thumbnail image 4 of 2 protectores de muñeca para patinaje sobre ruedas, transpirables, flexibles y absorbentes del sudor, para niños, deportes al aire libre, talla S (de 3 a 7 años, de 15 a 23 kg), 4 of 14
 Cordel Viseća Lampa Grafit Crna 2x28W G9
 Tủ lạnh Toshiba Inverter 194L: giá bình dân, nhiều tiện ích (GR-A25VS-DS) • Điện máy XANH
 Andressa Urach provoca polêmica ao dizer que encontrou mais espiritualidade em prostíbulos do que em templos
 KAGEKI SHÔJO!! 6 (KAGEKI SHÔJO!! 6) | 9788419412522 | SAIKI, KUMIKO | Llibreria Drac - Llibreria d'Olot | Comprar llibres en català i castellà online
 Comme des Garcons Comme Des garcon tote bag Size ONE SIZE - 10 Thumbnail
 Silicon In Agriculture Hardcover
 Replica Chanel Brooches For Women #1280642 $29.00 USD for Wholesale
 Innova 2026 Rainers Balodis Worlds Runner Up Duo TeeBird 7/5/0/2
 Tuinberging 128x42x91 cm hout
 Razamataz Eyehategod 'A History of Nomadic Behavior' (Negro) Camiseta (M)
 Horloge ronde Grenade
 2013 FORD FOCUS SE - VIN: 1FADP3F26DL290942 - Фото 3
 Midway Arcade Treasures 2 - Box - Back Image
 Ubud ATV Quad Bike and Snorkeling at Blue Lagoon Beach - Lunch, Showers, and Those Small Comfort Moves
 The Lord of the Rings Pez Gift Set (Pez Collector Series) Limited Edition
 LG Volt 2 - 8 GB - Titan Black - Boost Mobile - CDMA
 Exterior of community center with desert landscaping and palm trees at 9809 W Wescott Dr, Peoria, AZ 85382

_TASK REQUIREMENTS_
Taking the line with "Andressa Urach provoca" as the first and the line with "KAGEKI SHÔJO!! 6 (KAGEKI" as the last, retype that stretch of the data above exactly, with no other lines.

_OUTPUT OF THE EXERCISE_
 Andressa Urach provoca polêmica ao dizer que encontrou mais espiritualidade em prostíbulos do que em templos
 KAGEKI SHÔJO!! 6 (KAGEKI SHÔJO!! 6) | 9788419412522 | SAIKI, KUMIKO | Llibreria Drac - Llibreria d'Olot | Comprar llibres en català i castellà online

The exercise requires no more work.